REGGIO EMILIA – Sette persone sono state arrestate dai carabinieri per i reati, a vario titolo, di usura, estorsione in concorso aggravata e fatturazioni false, nell’ambito dell’operazione Don Matteo. Per un altro soggetto è stata disposta, invece, la misura cautelare dell’obbligo di dimora. Prestavano soldi con interessi da capogiro.

In particolare sono finiti in manette Claudio Citro, 33 anni originario di Salerno, residente a Correggio e Giuseppe Caso, 37 annni, originario di Torre Annunziata e residente a Correggio sono finiti in carcere. Ai domiciliari ci sono invece Stefano Bargiacchi, 43 anni, di Carpi, Andrea Davoli, 28 anni, di Bagnolo in Piano, Nicola Errichiello, 38 anni, originario di Napoli, residente a Correggio, Alfonso Febbraio, 45 anni, originario di Napoli, residente a Reggio e Aldo Griffo, 51 anni, originario di San Cipriano d’Aversa e residente a Campogalliano. Un salernitano 30enne residente Correggio è stato sottoposto alla misura cautelare dell’obbligo di dimora.

Alla conferenza stampa erano presenti il colonnello Antonino Buda e il tenente colonnello Alessandro Dimichino. Il colonnello Buda ha sottolineato come sia importante che gli imprenditori che hanno subito strozzinaggio si presentino a denunciare quanto accaduto e il tenente colonnello Dimichino ha aggiunto che, in questo caso, nei loro confronti non saranno presi provvedimenti come potrebbe accadere, invece, se da parte loro ci saranno delle reticenze.

Le indagini, coordinate dal sostituto procuratore Giacomo Forte, sono iniziate nel dicembre 2014 e l’operazione è stata condotta ieri mattina fra le province di Reggio Emilia, Modena, Forlì-Cesena.

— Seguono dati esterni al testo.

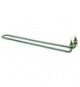 RESISTENZA VASCA 1800W 220V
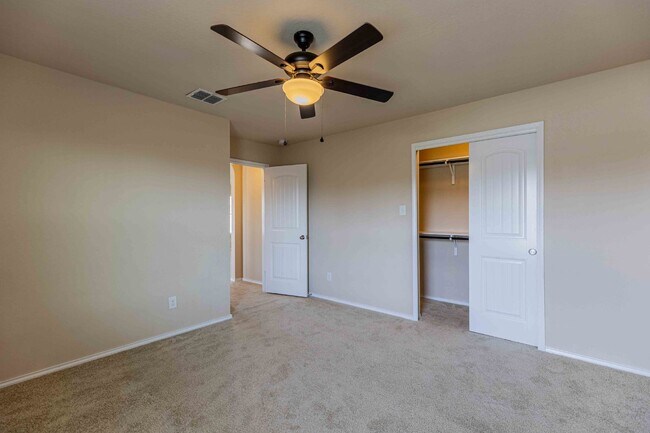 Building Photo - 1411 Frio Eagle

Tutto è nato dalla denuncia di un imprenditore, vittima di usura, che si è rivolto allo sportello della Fondazione Antiracket San Matteo Apostolo di Bologna e all’organizzazione di volontariato Papa Giovanni XXIII di Reggio Emilia, sostenendo che che stava subendo pesantissime minacce rivolte allo stesso ed ai propri famigliari.

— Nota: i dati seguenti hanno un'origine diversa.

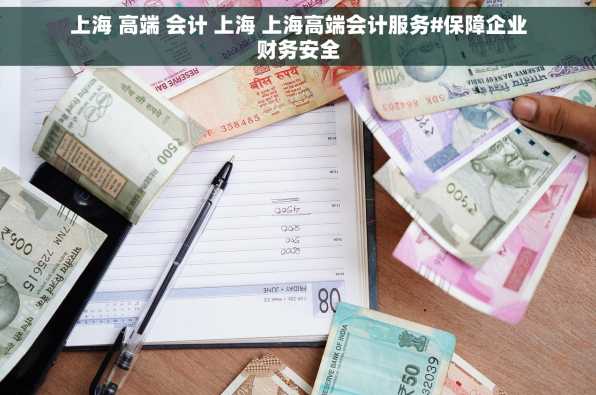 上海 高端 会计 上海 上海高端会计服务#保障企业财务安全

I militari hanno ricostruito che l’imprenditore doveva restituire un milione di euro ai suoi usurai con interessi compresi fra il 180 e il 350 per cento. E’ saltata fuori  anche un’attività di false fatturazioni di alcuni indagati per un controvalore di circa 800.000 di imponibile. Ma questo uomo non è l’unico ad essere stato vittime dell’attività degli usurai. Ce ne sono altri e i carabinieri li invitano a venire allo scoperto e a rivolgersi allo sportello della fondazione antiracket.

Le vittime, secondo quanto appurato dai carabinieri, venivano “cedute” tra i vari gruppi criminali sia per “regolarizzare” i rapporti economici con la cessione del credito che per generare nella stessa vittima una maggior intimidazione esercitata dal gruppo criminale subentrante.

Dalle indagini è risultato anche che uno degli arrestati, Claudio Citro, aveva contatti con esponenti dei clan camorristi Cava egemone in Quindici (AV) e Pagano, attivo nell’agro nocerino sarnese, mentre Giuseppe Caso ha stretti legami con Nicolino Sarcone, arrestato nell’inchiesta di ‘ndrangheta Aemilia per associazione a delinquere di stampo mafioso, che qualche mese prima di finire in carcere ha fatto da padrino al battesimo del figlio di Caso. Si è appreso anche che Caso, che è un imprenditore edile come Citro, aveva fatto richiesta di entrare nella white list cosa che ovviamente, ora, gli sarà negata.

Paolo Puggioli, della fondazione san Matteo Apostolo e Matteo Iori, presidente della Papa Giovanni XXIII, hanno detto: “Arrivano da noi persone distrutte. L’unica salvezza è aiutarli a fare la denuncia per tirarsi fuori da questa situazione”.